To find you which benefits you could claim and how to make a claim, use one of the benefit calculators in the links below.

You can also get more advice and help for living with a lower income in Living on a budget.

Funeral Payment

What is Funeral Payment?

If you’re on a low income and struggling to pay for a funeral for your partner, you can apply for a Funeral Payment.

If the person who died left money, you will usually need to pay back any amount you received through the Funeral Payments scheme.

How much you will get

The amount you get depends on your circumstances, but could be up to £700 towards funeral expenses plus payments to cover the costs of things like burial or cremation fees.

Find out more in Help paying for a funeral.

How your bereavement benefits affect other benefits

If you claim any of the following benefits, your payments might be affected if you start getting Bereavement Support Payment or are getting Bereavement Allowance or Widowed Parent’s Allowance.

  • Universal Credit
  • Income Support
  • Incapacity Benefit
  • Jobseeker’s Allowance
  • Carer’s Allowance
  • Employment and Support Allowance
  • Pension Credit (only if you receive Bereavement Allowance)

Bereavement Payment or the lump sum you get as part of Bereavement Support Payment counts as savings when your entitlement to some means-tested benefits is worked out.

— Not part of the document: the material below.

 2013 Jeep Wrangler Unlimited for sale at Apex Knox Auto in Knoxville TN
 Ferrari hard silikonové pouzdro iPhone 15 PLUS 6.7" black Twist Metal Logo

This means if you get the one-off lump sum payment, you might see a reduction in the following benefits:

  • Income Support
  • Housing Benefit
  • Income-based Jobseeker’s Allowance
  • Employment and Support Allowance
  • Universal Credit

To find out more about how other benefits might be affected, contact the Bereavement Service, which is run by the Pension Service of the Department of Work and Pensions (DWP):

  • If you live in England and Wales, call 0345 606 0265 (call charges apply).
  • For the Welsh language helpline, call 0345 606 0275 (call charges apply).
  • If you live in Northern Ireland, call 0800 085 2463 (free to call).

Benefits calculators

There are a number of benefit calculators which can help you work out what you’re entitled to.

For a general idea of the benefits you might be eligible for, use the Citizens Advice benefit calculator.

For a more detailed breakdown of what you might get, use the Turn2us benefit calculator, or the Entitled to benefit calculator .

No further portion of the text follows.